The second result of the Harvard meetings was a set of three recommendations that were taken formally to the OAI. These were intended to help the OAI generalize the framework so that it could be applied beyond the e-print community where it had originated. The first recommendation was technical and urged adoption of unqualified Dublin Core as the protocol's common metadata element set. The OAI had originally proposed an Open Archives Metadata Set that was smaller and more prescribed than the Dublin Core, and more closely tailored to the needs of the e-print community. The second recommendation was greater organizational stability for the OAI, including a steering committee, an official home for the OAI web site, and a clear locus of responsibility for maintenance of the protocol. The aim here was to stabilize the framework long enough to encourage institutions to invest in its practical application.
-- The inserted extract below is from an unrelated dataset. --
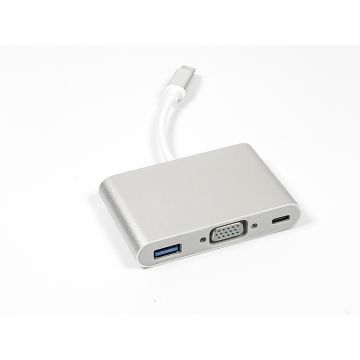 Type C Converter with VGA and USB 3.0 Ports in Metal Shell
The third recommendation sought to generalize the initiative by focusing it on technical rather than operational issues. Hitherto, the technical framework had been developed to support a particular application that aimed at making electronic pre-prints publications more widely accessible and without cost to end-users. Participants in the Harvard meetings envisaged (and did not want to constrain development of) applications that reflected very different organizational and business objectives. These three recommendations were among those discussed by the Open Archives Initiative at its second public meeting in San Antonio, Texas, in June 2000, and helped to encourage developments that are reported elsewhere from these pages.

The evaluation projects

The road map for developing harvesting services involved progress on two closely related fronts: developing a pool of harvestable metadata focusing principally on metadata available from library systems; and building a small number of online services with metadata harvested from the pool. The work is being undertaken in close collaboration between the DLF (whose 25 member libraries share an interest in integrating access to their distributed collections) and The Andrew W. Mellon Foundation. An account of its progress is set out below.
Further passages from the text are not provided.